4 Qu'en a dit la communauté internationale ?

Avant que le président ne prenne compte du vote des députés et lève la loi martiale, les Etats-Unis avaient partagé leur "inquiétude" au sujet de la situation en Corée du Sud, et dit espérer une issue qui respecte "l'Etat de droit", après la proclamation de la loi martiale. "Nous surveillons de près les développements en Corée du Sud", a assuré de son côté un porte-parole du Premier ministre britannique Keir Starmer, tandis que le ministère des Affaires étrangères a appelé les ressortissants du Royaume-Uni à "suivre les conseils des autorités locales et à éviter les manifestations politiques".
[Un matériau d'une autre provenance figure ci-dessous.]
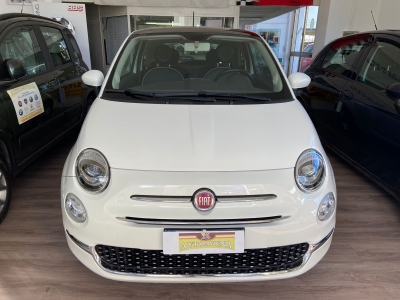 Fiat 500 Lounge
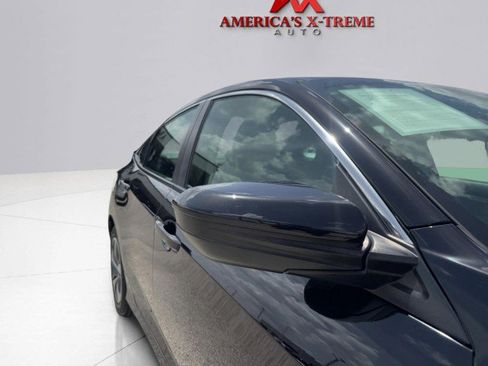 Used 2019 Honda Civic LX image 7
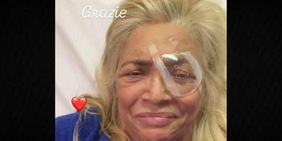 Mara Venier in ospedale: "Finiamo l'anno così"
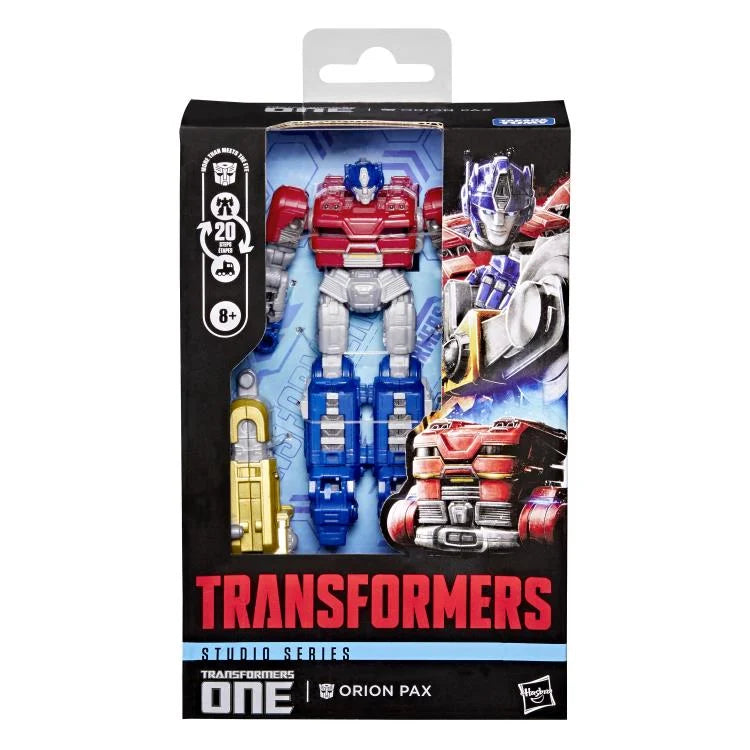 Transformers Studio Series Orion Pax (Transformers: One)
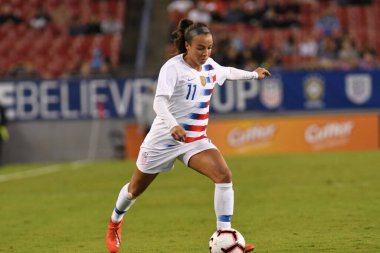 SheBelieves Kupası Finali ABD ile Brezilya arasında Tampa Florida Raymond James Stadyumu 'nda 5 Mart 2019' da oynanacak.. 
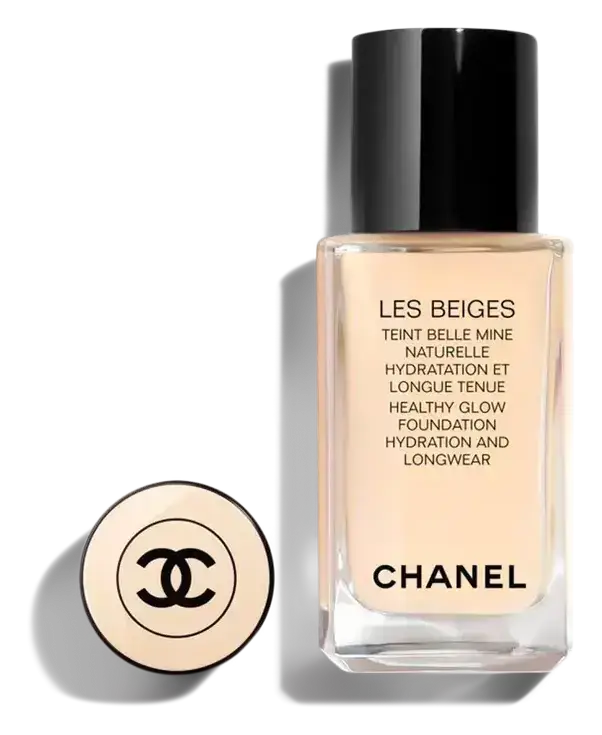 Chanel Les Beiges Healthy Glow Foundation BD01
L'ambassade de Chine en Corée du Sud a appelé ses citoyens présents dans le pays à la "prudence". Elle leur conseille "de rester calmes, de renforcer leur vigilance en matière de sécurité, de limiter les sorties inutiles et de faire preuve de prudence lorsqu'ils expriment des opinions politiques". Un peu plus tard, un porte-parole de l'ONU a déclaré que les Nations unies suivaient "avec inquiétude" la situation en Corée du Sud.

5 Que va-t-il se passer désormais ?

Plus de trois heures après le vote des députés, Yoon Suk-yeol a finalement déclaré que la loi martiale allait être levée et que les troupes déployées dans Séoul allaient se retirer. "Il y a eu une demande de l'Assemblée nationale pour lever l'état d'urgence, et nous avons procédé au retrait des militaires qui avaient été déployés pour les opérations de loi martiale", conformément à la Constitution, a déclaré le président dans une nouvelle intervention télévisée.
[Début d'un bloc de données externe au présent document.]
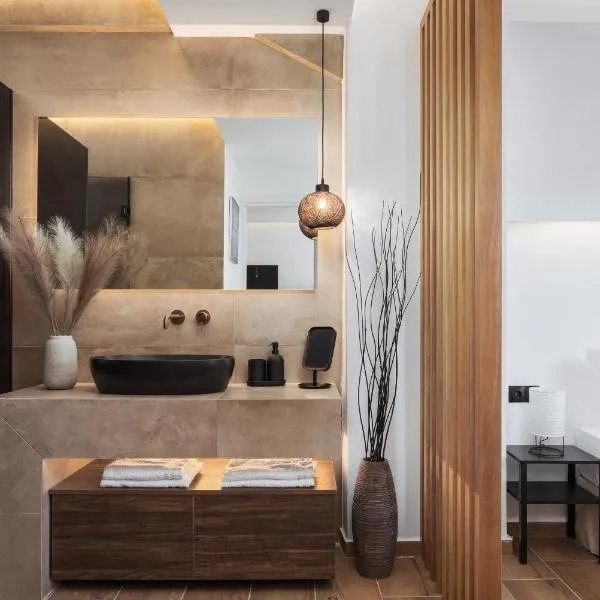 Vouliagmeni Olivomare Suite, hotel en Atenas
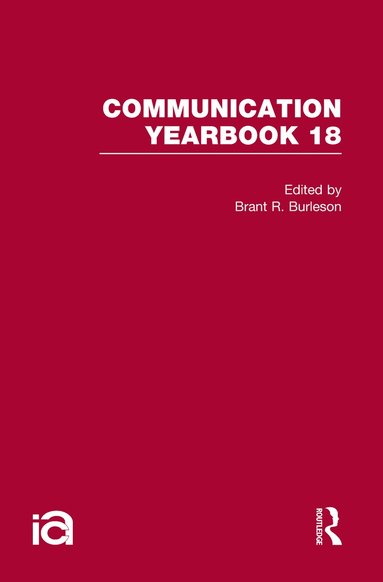 bokomslag Communication Yearbook 18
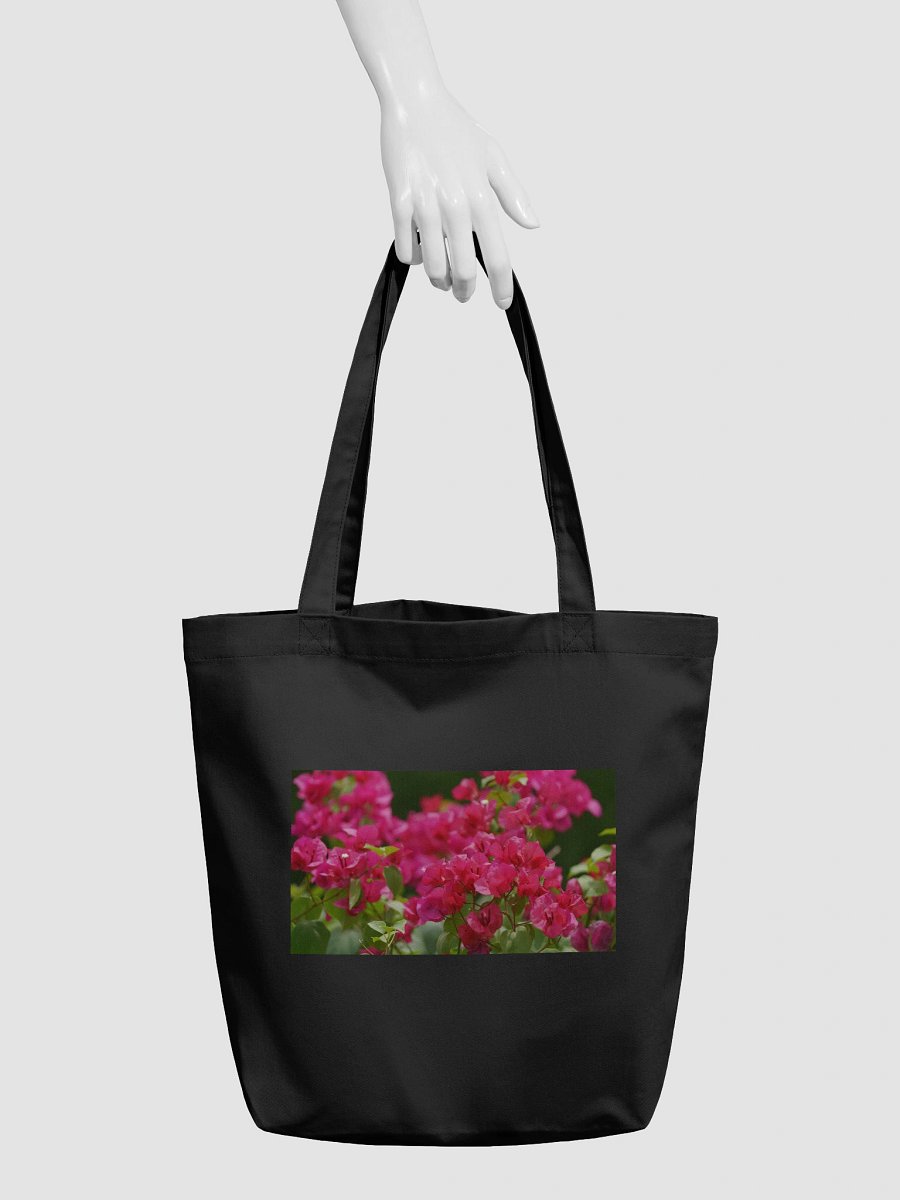 Bougainvillea Bliss Eco Tote Bag product image (3)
Yoon Suk-yeol, dont la popularité était déjà au plus bas, est appelé à la démission par l'opposition comme son propre parti, alors que la plus importante intersyndicale du pays a appelé à une "grève générale illimitée" jusqu'à son départ du pouvoir. Le chef de cabinet du président et plusieurs conseillers ont dans la matinée "présenté leur démission collective", selon l'agence de presse Yonhap.

Les partis d'opposition ont annoncé mercredi le dépôt d'une motion de destitution contre le conservateur, après sa tentative ratée d'imposer la loi martiale. Le texte, qui devra réunir une majorité des deux tiers pour être adopté, pourrait être soumis au vote dès vendredi, ont précisé les six formations représentées au Parlement, au cours d'une conférence de presse commune.

"Nous allons porter plainte pour rébellion" contre le président, ses ministres de la Défense et de l'Intérieur et des "personnalités clés de l'armée et de la police, telles que le [général qui a brièvement exercé les fonctions de] commandant de la loi martiale et le chef de la police", a annoncé le Parti démocrate, principal mouvement d'opposition, mercredi. En milieu d'après-midi, le dirigeant n'était toujours pas réapparu en public.